Grade I, II* and II: what each means for your mortgage
England has roughly 400,000 listed buildings, split across three grades. Grade I covers buildings of exceptional interest and is about 2.5 percent of listings. Grade II* covers particularly important buildings of more than special interest, around 5.8 percent. Grade II, the overwhelming majority at roughly 92 percent, covers buildings of special interest and includes most listed homes people actually buy and live in. The grade is set by the listing and does not change when the property is sold, so it travels with the home and frames every future mortgage on it.
For lending, the grade is shorthand for risk and saleability. The higher the grade, the rarer the property, the more restricted any future changes, and the fewer lenders who will offer terms. The table below shows the broad picture, but every case turns on the individual property. Two Grade II homes can be treated very differently if one is in good order with a clear alteration history and the other is tired and undocumented.
Grade | Share of listings | Lender appetite | Typical max LTV (indicative) |
Grade II | About 92% | Many mainstream and specialist lenders consider | Up to roughly 90 to 95% in strong cases |
Grade II* | About 6% | Specialist lenders, plus some mainstream | Often roughly 75 to 85% |
Grade I | About 2.5% | Mainly specialist lenders | Often roughly 70 to 75% |
Treat the loan to value figures as a starting point, not a promise. They move with the property's condition, the strength of the application, and the lender's own policy at the time. A broker can sound out a lender's stance on a specific property before you commit to a full application, which avoids a wasted credit search.
Why heritage homes make lenders cautious
A lender's central question on any property is whether it could be sold to recover the loan if things went wrong. Listed homes complicate that answer in several ways at once. None of the factors is fatal on its own, but together they explain why a listing draws a closer look than a comparable modern house.
The buyer pool is smaller, so resale can take longer. Repairs must often be done like for like with traditional materials and skilled trades, which raises maintenance costs. Changes are restricted, so a future owner cannot freely adapt the home. Valuation is harder because there are fewer directly comparable sales. And buildings insurance is more involved, because rebuild costs are higher and the work must respect the listing. Some of these features overlap with other title and property quirks lenders watch for. Down valuations are also more common on listed homes, which can mean finding a larger deposit or renegotiating the price, so it pays to build a little headroom into your numbers. Valuation is the quiet sticking point: with fewer comparable sales, two surveyors can land on different figures for the same home, and the cautious one feeds straight into the maximum loan.
Which lenders say yes
Think of the market in three layers. Some mainstream lenders will consider a well maintained Grade II home with no unusual features, often at competitive terms.
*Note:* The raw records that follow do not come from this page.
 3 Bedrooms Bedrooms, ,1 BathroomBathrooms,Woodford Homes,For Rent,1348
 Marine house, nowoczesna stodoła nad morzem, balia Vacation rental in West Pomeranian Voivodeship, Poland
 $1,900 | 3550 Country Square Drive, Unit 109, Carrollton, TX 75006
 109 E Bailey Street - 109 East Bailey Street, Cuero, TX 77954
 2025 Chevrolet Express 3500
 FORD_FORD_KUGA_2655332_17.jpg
Building societies tend to be more flexible and frequently underwrite higher grades and quirkier cases by hand rather than by automated scorecard. Specialist lenders sit behind those for Grade I and Grade II* properties, unusual construction, or homes with condition and consent issues. The three layers will not all reach the same answer on the same house, so the practical skill is knowing which layer your property belongs in before you apply.
A good number of the lenders comfortable with listed homes work only through brokers, and their criteria are not published. That is the practical reason to use an adviser for anything above a straightforward Grade II purchase: the job is matching the grade, the condition and the consent history to a lender whose criteria fit, rather than applying blind and collecting declines. A few things make a listed application markedly stronger: a clean building survey, written evidence that past works either needed no consent or already have it, and a little extra deposit to absorb a cautious valuation. Bringing those before a decline, not after one, is often what turns a maybe into a yes.
Case study: buying a Grade II cottage
A couple agreed to buy a Grade II stone cottage at 465,000 pounds with a 20 percent deposit of 93,000 pounds. Their first lender, a mainstream bank, declined after the valuer noticed a previous owner's rear extension with no listed building consent on record. We moved the case to a specialist lender comfortable with regularising consent after completion, at 75 percent loan to value, with an indemnity policy in place and a small retention held back pending the council's view. The purchase completed at the agreed price, and the owners are now resolving the consent with their solicitor. A remortgage case ran along similar lines. An owner of a Grade II* townhouse wanted to release equity for repairs the listing required. A mainstream lender would not look at the grade, but a building society that underwrites heritage homes by hand agreed at 70 percent loan to value once it had the survey and proof that earlier alterations carried consent.
Consent and unauthorised works: the trap that stalls completions
Listed building consent is needed for works that affect a building's special character, inside as well as outside. This is separate from planning permission. Carrying out such works without consent is a criminal offence, there is no time limit on enforcement, and the liability passes to whoever owns the property next. Buy a listed home with unauthorised changes and you inherit the problem, including any cost of putting it right. That is why solicitors raise it so firmly on a listed purchase, and why it can hold up exchange until everyone is satisfied.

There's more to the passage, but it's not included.